Segundo o MPF, os orçamentos foram inflados de forma sistemática. O valor pago por um ano de aluguel dos aparelhos de ultrassom era mais que o dobro do preço de compra de equipamentos novos. No caso dos eletrocardiogramas, a empresa sublocava os equipamentos por cerca de R$ 19 mil e cobrava R$ 64 mil da prefeitura. O prejuízo atualizado aos cofres públicos ultrapassa R$ 1,5 milhão, conforme apuração do órgão.
O juiz Luiz Augusto Fiorentini recebeu a denúncia e tornou os investigados réus pelo crime de peculato. A decisão judicial abre caminho para a instrução processual, onde serão analisadas as provas e as defesas dos acusados.
Reações e defesas
O vereador Jamal Salém negou qualquer participação no desvio de recursos e afirmou que provará sua inocência. Em nota, ele destacou que a licitação foi conduzida pela Secretaria de Administração, e não pela Secretaria Municipal de Saúde (Sesau), e que o Tribunal de Contas não apontou ato culposo ou doloso. “Na realidade, essa licitação foi feita dentro dos trâmites normais, e a Sesau não participa desse ato. Quem faz é a Secretaria de Administração. Eles publicam o edital e analisam os candidatos participantes. Da nossa parte, apenas apresentamos a necessidade para atender uma verba carimbada do Ministério da Saúde, destinada exclusivamente ao aluguel de equipamentos, e não à compra”, declarou.

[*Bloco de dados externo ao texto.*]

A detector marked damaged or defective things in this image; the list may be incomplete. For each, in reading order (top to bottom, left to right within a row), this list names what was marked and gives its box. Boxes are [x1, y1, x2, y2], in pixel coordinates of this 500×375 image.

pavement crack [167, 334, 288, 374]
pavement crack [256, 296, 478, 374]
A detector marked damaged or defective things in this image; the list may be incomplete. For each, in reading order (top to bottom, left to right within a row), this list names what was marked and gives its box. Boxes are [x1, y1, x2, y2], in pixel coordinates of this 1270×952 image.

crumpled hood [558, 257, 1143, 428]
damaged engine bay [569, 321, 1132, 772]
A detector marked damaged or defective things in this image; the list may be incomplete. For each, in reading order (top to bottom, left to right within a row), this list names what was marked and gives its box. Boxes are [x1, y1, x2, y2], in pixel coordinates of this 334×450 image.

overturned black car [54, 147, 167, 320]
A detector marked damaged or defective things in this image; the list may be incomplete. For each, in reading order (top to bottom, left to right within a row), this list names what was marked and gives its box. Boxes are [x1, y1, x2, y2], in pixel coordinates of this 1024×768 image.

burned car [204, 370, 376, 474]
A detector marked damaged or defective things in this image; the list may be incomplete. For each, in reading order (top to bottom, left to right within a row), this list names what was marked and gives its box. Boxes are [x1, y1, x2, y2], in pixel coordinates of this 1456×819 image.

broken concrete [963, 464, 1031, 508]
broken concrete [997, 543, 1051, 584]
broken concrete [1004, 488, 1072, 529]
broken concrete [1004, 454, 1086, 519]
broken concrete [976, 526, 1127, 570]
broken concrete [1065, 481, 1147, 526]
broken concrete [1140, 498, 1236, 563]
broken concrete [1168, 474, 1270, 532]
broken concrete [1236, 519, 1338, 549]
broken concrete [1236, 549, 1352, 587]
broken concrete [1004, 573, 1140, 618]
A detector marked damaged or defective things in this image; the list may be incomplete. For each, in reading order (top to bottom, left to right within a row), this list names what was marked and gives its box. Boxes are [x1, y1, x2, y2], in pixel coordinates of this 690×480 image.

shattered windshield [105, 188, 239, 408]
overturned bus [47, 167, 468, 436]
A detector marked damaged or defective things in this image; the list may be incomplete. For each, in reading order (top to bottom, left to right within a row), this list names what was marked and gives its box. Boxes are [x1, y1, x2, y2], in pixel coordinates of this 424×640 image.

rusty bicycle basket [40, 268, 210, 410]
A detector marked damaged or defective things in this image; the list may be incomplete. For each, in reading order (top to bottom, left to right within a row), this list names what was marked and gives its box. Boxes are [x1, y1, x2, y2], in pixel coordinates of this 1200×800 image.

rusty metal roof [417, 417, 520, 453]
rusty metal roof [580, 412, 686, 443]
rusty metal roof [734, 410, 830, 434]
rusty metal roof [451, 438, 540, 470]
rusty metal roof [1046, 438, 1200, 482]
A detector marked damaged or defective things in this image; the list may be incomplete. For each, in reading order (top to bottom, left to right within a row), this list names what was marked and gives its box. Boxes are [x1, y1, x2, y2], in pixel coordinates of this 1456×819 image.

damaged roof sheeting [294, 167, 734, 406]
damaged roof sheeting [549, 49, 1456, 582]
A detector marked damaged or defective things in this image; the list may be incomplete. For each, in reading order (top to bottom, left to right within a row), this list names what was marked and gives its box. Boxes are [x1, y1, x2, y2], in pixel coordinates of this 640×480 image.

A defesa de Rodolfo Pinheiro Holsback argumentou que os fatos não se enquadram no crime de peculato, sugerindo que a denúncia deveria tratar de fraude em licitação, crime que, devido ao tempo decorrido, já estaria prescrito. Segundo os advogados, a mudança no enquadramento jurídico para peculato teria sido uma estratégia do Ministério Público para permitir a continuidade da ação. O g1 não conseguiu contato com as defesas de Estevão Silva de Albuquerque e Mário Justiniano de Souza Filho.
Panorama político e judicial
O caso expõe fragilidades nos mecanismos de controle de licitações públicas, especialmente na área da saúde, onde recursos federais são frequentemente alvo de desvios. A denúncia do MPF contra um vereador em exercício e ex-secretário municipal reforça a necessidade de transparência e fiscalização rigorosa em contratos públicos. A ação tramita na Justiça Federal e pode gerar repercussões políticas em Campo Grande, especialmente em ano eleitoral, quando a gestão de recursos públicos ganha ainda mais destaque.